» **SUPPLIED MATERIAL**:
--- START ---
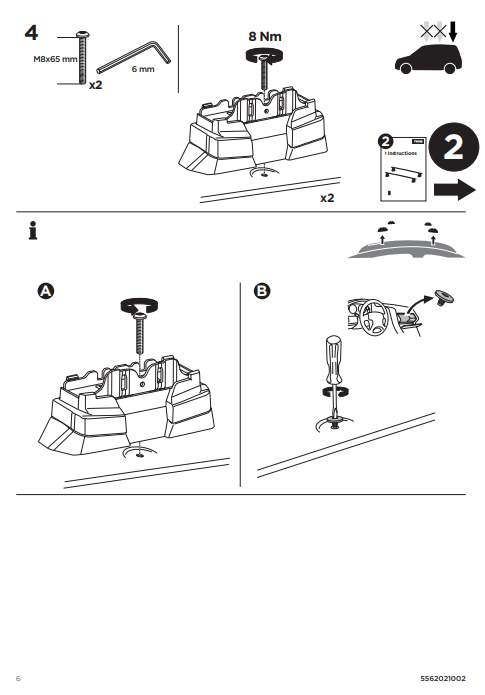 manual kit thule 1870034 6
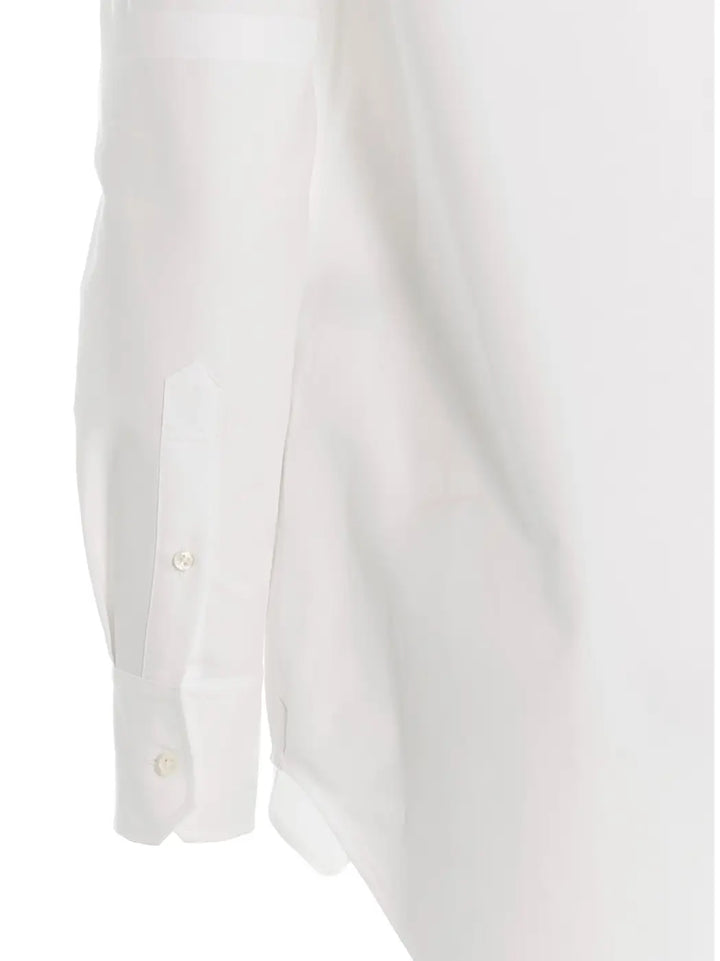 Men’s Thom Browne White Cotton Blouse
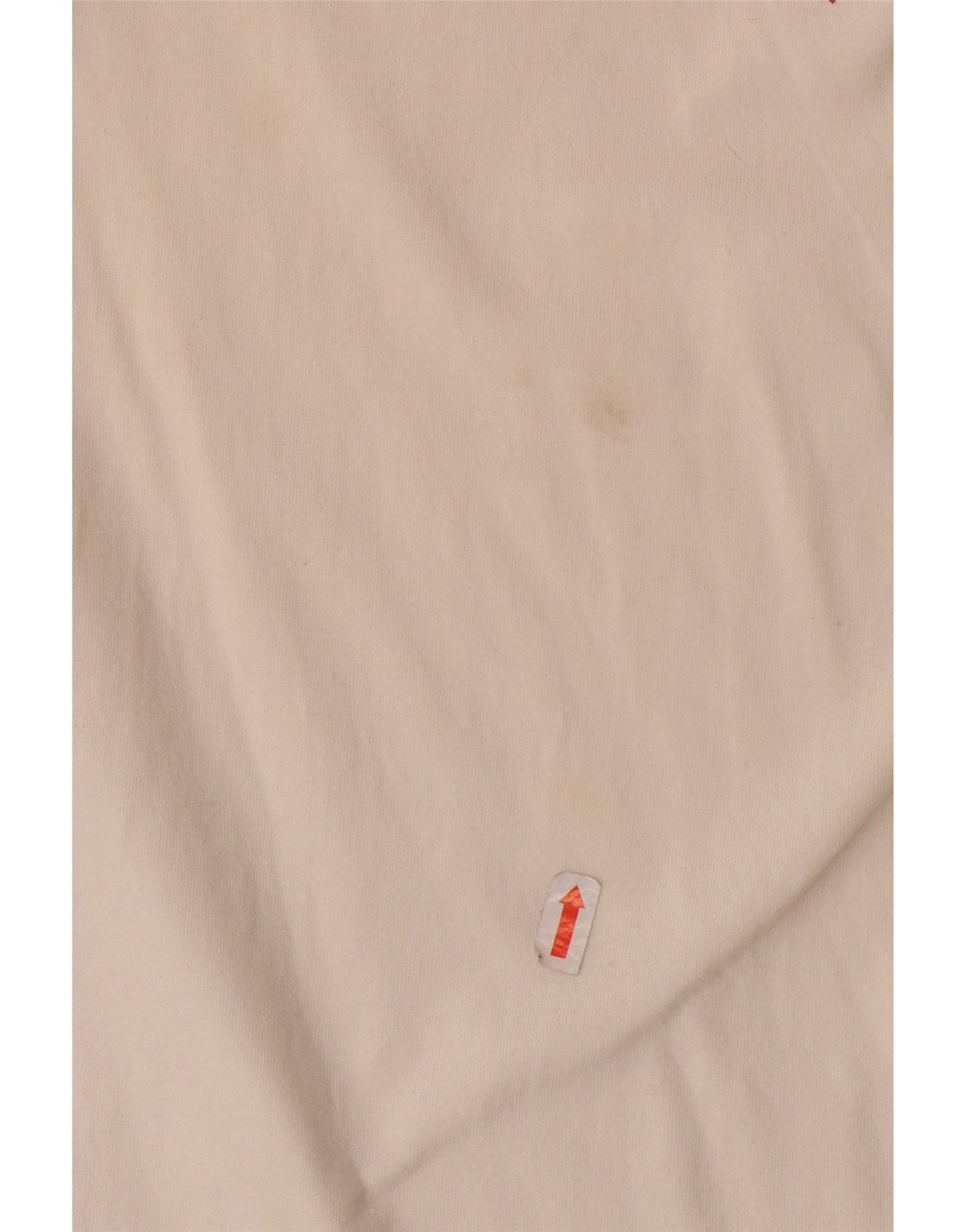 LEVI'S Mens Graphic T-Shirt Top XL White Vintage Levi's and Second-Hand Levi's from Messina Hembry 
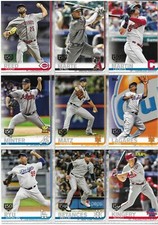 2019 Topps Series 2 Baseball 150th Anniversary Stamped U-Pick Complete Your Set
--- END ---
--- START ---
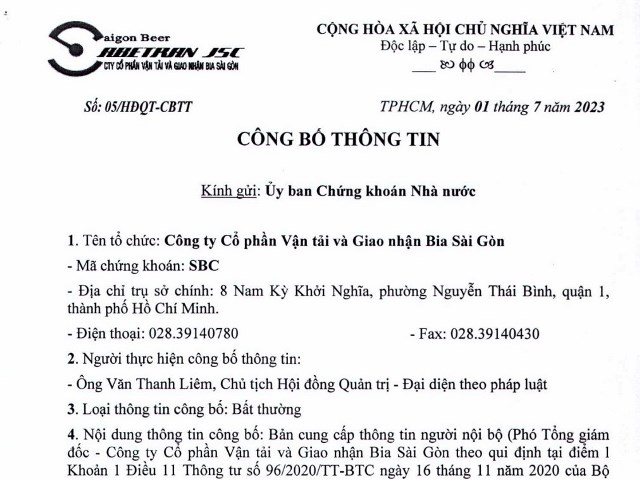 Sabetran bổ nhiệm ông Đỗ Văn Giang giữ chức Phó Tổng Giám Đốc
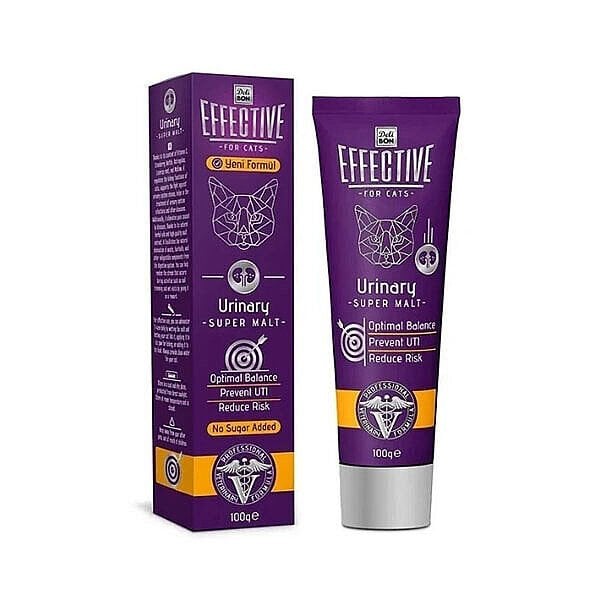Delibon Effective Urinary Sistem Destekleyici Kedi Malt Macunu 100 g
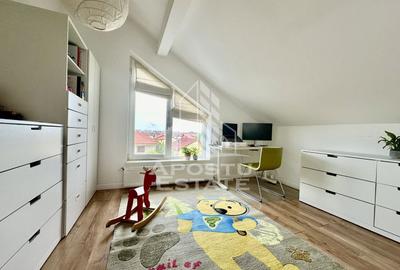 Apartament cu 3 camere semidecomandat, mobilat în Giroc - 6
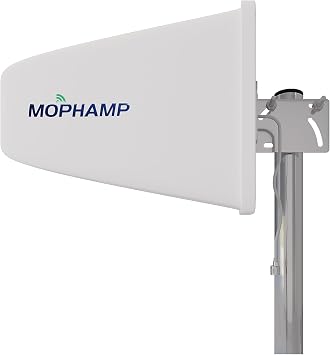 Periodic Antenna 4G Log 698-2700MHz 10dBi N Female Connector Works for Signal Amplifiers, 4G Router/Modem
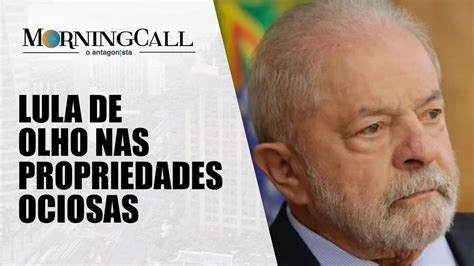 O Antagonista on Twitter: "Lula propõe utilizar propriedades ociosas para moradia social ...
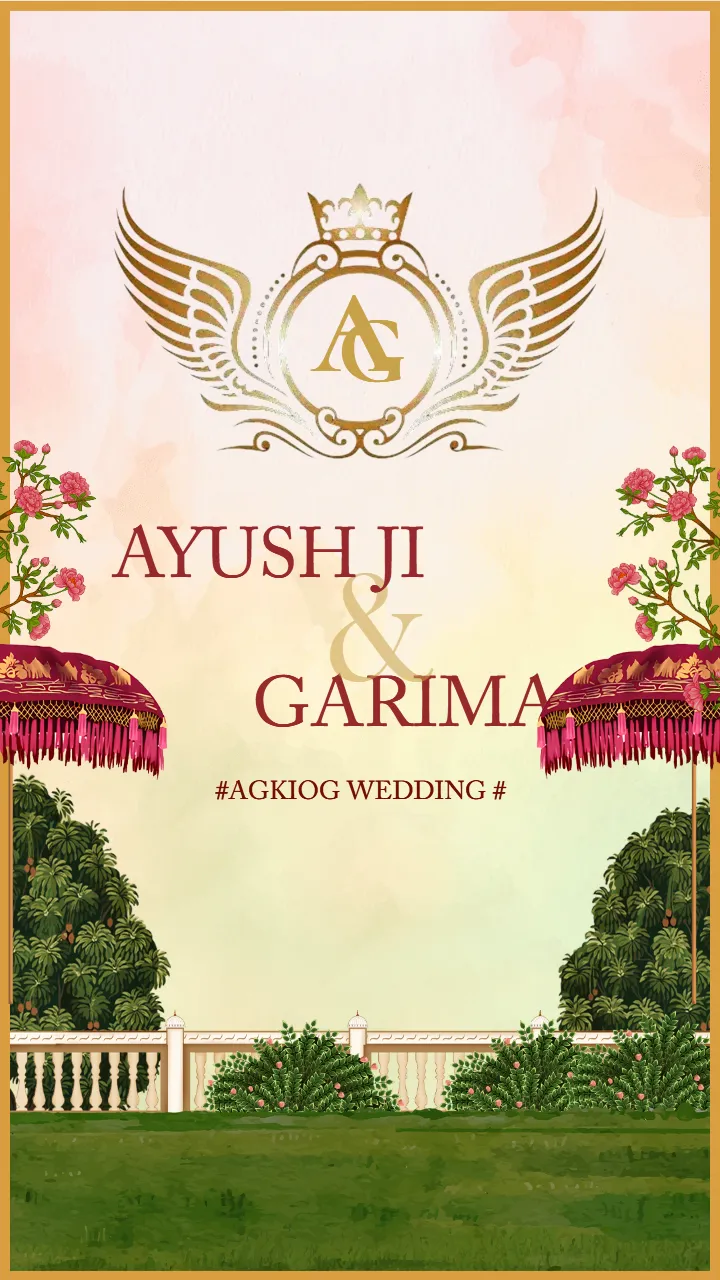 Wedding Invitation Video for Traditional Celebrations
--- END ---
--- START ---
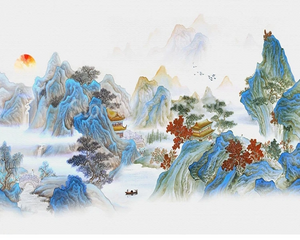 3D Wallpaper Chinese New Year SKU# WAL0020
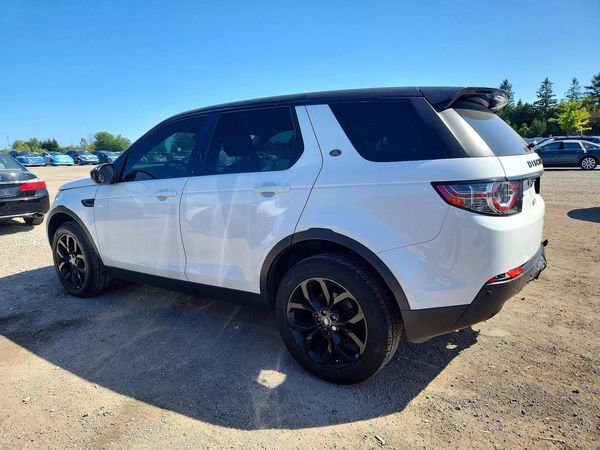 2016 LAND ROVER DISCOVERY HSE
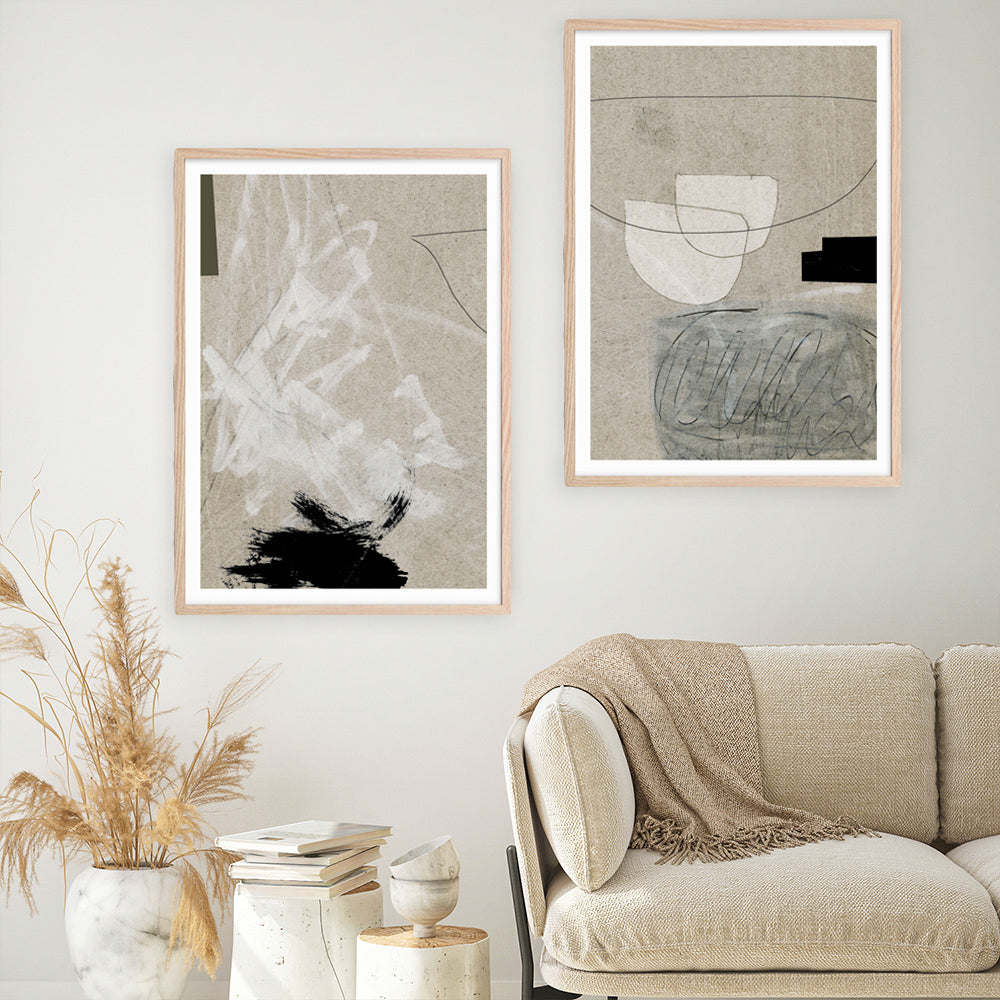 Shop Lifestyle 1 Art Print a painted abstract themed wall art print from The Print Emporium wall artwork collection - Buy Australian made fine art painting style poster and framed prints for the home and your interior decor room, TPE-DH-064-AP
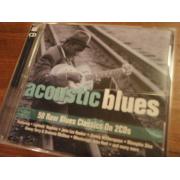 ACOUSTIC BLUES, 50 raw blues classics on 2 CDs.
--- END ---
» **TASK OBJECTIVE**:
Beginning at the line that has "manual kit thule 1870034 6" and ending at the line that has "2019 Topps Series", restate the listing above word for word, pictures left out.

» **RESPONSE BOX**:
 manual kit thule 1870034 6
 Men’s Thom Browne White Cotton Blouse
 LEVI'S Mens Graphic T-Shirt Top XL White Vintage Levi's and Second-Hand Levi's from Messina Hembry 
 2019 Topps Series 2 Baseball 150th Anniversary Stamped U-Pick Complete Your Set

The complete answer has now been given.